Я мало что помню о том первом путешествии, которое мы предприняли с моим младшим братом Хью в августе 1934 года. Самые живые, то есть не заслоненные более поздними, воспоминания я сохранил о чистеньком, миниатюрном пароходике, который вез нас по каналу от Готенбурга до Стокгольма (я думал, что он будет плавать и в моем романе, но этого не произошло), о том, как я просыпался мягко мерцающей летней ночью, а мимо, буквально на расстоянии вытянутой руки, проплывало серебро берез, о цыплятах, копошащихся на берегу. Мы с братом платонически ухаживали за двумя путешественницами–англичанками — одной было шестнадцать лет, другой двадцать. Когда пароход делал остановки у шлюзов, мы парочками расходились в разные стороны, и как‑то раз, когда мой брат и младшая из девушек не вернулись на маленький пароход вовремя, поднялся страшный переполох: ее мать, образованная дама, победительница многих литературных конкурсов либеральной «Тайм энд тайд», решила, что оба утонули в канале. Однажды вечером в Стокгольме на берегу моря моя пароходная знакомая ударила меня по лицу при обстоятельствах, весьма схожих с теми, при которых Лу дает пощечину Энтони, — я сказал ей, что она наверняка девственница, — после чего мы благопристойно посидели на скамейке в Скансене, стокгольмском парке, среди серых камней и серебряных деревьев. (Реакция на мои слова — единственное, что роднит ее с Лу.) Должен сказать, что август — не лучшее время для первой поездки в Стокгольм. Духота, влажность и убийственная чопорность одного обеда, на котором нам пришлось присутствовать в Салтшёбадене, заставили нас перебраться в Осло. Сейчас меня поражает то безрассудство, с которым я помещал роман в город, мне почти незнакомый.

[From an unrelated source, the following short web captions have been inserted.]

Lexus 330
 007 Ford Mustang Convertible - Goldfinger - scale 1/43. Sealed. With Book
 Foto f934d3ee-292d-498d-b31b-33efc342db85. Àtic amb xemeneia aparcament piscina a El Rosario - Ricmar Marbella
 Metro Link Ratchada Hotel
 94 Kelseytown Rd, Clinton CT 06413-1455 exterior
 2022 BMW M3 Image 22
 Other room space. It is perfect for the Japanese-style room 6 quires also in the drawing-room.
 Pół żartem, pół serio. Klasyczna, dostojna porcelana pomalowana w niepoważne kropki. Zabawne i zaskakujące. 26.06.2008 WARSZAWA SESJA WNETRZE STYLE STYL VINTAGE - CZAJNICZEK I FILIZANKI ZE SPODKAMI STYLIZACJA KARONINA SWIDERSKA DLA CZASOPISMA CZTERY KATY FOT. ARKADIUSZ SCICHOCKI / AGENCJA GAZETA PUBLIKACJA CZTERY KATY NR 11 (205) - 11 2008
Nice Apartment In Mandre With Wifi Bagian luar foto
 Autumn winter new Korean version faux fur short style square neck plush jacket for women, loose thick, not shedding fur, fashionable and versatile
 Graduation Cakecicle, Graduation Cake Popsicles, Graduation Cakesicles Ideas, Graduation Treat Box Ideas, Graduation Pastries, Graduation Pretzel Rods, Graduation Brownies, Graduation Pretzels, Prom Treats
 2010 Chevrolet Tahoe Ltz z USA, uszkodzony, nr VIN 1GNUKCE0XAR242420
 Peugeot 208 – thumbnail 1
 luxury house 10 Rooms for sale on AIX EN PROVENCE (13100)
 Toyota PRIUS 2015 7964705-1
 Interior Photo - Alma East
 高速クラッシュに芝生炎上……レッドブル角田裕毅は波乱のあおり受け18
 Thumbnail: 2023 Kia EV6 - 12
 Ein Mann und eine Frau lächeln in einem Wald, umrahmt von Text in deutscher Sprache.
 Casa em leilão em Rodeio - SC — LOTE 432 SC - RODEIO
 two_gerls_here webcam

Написал бы я эту книгу лучше сейчас, когда в памяти накопилось столько прототипов промышленника Крога, который в то далекое время так упрямо не желал оживать? Вряд ли. В большинстве моих книг, как бы хорошо я ни представлял себе, что и зачем пишу, всегда есть один картонный персонаж, который упрямо отказывается оживать, но который мне нужен: Крог в «Меня создала Англия», официантка в «Брайтонском леденце», Уилсон в «Сути дела», Смайд в «Конце романа», журналист Паркинсон в «Ценой потери». Печальная правда заключается в том, что роман может вместить в себя строго ограниченное число вымышленных людей. Еще одна удачная находка — и книга, как перегруженный корабль, дает крен. Это и было неожиданной опасностью, с которой я столкнулся, когда писал «Меня создала Англия».
Я был вполне удовлетворен портретом Энтони. Разве я не прожил с ним бок о бок многие годы? Он был идеализированным вариантом моего старшего брата Герберта, в похождениях которого я принимал косвенное участие. Я знал молоденькую проститутку Аннету, в которую Энтони был влюблен. Я поднимался по той запретной лестнице и с тем же чувством читал записки: «Сегодня молока не приносили». «Ушла. Буду в…» (и она называла час — не мне). Кейт, сестрой Энтони, я тоже был доволен. Мне кажется, что это лучшая из созданных мной женщин, исключая разве что Сару из «Конца романа». Энтони и Кейт были сердцем книги. Крог нужен был только для развития их линии, другие — Лу, Холл, Хаммарстен, молодой Андерссон — были второстепенными фигурами. И тут корабль накренился, потому что на борт его ступил Минти.
Он возник в моем подсознании совершенно неожиданно — этот проснувшийся в стокгольмской квартире эмигрант, за которым следит накрытый стаканом паук, этот выскочка, едва поспевший к концу второй части. Кажется, он понадобился мне как эпизодический персонаж, соотечественник Энтони, который распознал бы в нем — как может распознать только соотечественник — что‑то фальшивое, именно ему мог бы показаться подозрительным галстук Харроу–скул. Но у меня и в мыслях не было обременять повествование жалким, пронырливым католиком (скорее всего, скромным последователем сэра Джона Бетджемана), чтобы он украл все сцены, в которых будет участвовать, и даже оставил за собой последнее слово, оттеснив во время похорон Энтони его сестру Кейт. Да, Минти был мне отвратителен, но я ничего не мог с ним поделать.